Unfortunately, we live in Vietnam where access to even basics like pumps, let
alone CGM, is non-existant, or incredibly hard. We had to fly to Singapore to
get a pump, and then fly back every three months to get new supplies. CGM is a
pipe dream.

One thing this article doesn't touch on, which is unfortunate, is how much of
a nightmare modern medical systems make diabetes. In the US, insurers decide
what pumps you get, what CGM device you might be able to get, even what
insulin you are using. I see it everyday on the support groups I'm on. And the
costs are astronomical. In Vietnam, we get our son's insulin for $12 a vial.

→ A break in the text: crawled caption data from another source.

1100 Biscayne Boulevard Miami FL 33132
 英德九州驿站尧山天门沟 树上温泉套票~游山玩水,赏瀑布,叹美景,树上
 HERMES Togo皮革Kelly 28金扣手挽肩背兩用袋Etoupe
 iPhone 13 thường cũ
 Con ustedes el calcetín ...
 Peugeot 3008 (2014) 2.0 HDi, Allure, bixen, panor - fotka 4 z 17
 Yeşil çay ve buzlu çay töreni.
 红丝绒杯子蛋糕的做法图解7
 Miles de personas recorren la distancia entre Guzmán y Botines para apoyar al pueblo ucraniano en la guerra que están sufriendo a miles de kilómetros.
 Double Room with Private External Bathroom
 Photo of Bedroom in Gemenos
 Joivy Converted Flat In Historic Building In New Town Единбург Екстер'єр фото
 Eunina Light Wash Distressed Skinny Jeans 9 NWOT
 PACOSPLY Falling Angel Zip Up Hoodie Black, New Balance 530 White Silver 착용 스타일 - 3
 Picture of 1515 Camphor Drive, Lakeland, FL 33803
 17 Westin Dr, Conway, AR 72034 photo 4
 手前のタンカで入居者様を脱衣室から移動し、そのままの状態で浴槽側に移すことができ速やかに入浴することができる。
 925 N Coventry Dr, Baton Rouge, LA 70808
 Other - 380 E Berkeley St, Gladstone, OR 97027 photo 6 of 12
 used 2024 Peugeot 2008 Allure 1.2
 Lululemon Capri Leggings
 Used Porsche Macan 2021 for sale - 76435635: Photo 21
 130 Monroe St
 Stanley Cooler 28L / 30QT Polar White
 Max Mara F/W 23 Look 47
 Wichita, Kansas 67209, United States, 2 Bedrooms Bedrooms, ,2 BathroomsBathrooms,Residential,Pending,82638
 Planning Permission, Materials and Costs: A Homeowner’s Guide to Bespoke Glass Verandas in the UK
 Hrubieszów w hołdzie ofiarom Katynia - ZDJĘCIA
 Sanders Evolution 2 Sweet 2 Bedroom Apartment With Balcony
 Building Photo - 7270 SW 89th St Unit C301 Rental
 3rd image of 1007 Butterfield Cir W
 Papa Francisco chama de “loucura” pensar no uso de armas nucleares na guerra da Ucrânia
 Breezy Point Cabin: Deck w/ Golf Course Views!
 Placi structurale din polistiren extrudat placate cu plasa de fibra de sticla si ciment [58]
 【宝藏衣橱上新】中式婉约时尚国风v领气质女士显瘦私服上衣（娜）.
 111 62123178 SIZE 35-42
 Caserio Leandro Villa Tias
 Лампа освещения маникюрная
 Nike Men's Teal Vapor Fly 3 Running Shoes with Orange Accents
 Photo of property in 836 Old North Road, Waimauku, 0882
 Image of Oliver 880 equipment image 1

The same vial in the US is about $400 or more (insured price). Test strips in
the US can cost $1-2 per strip; we spend about 20-30 cents per.

I am very hopeful about the bionic pancreas though, a device that does what
these DIY systems do; but also delivers glucagon as well as insulin. There are
also some stem cell trials that are very interesting too. I'm hoping that by
the time this kid hits college, his care is automated as possible, if not
outright cured.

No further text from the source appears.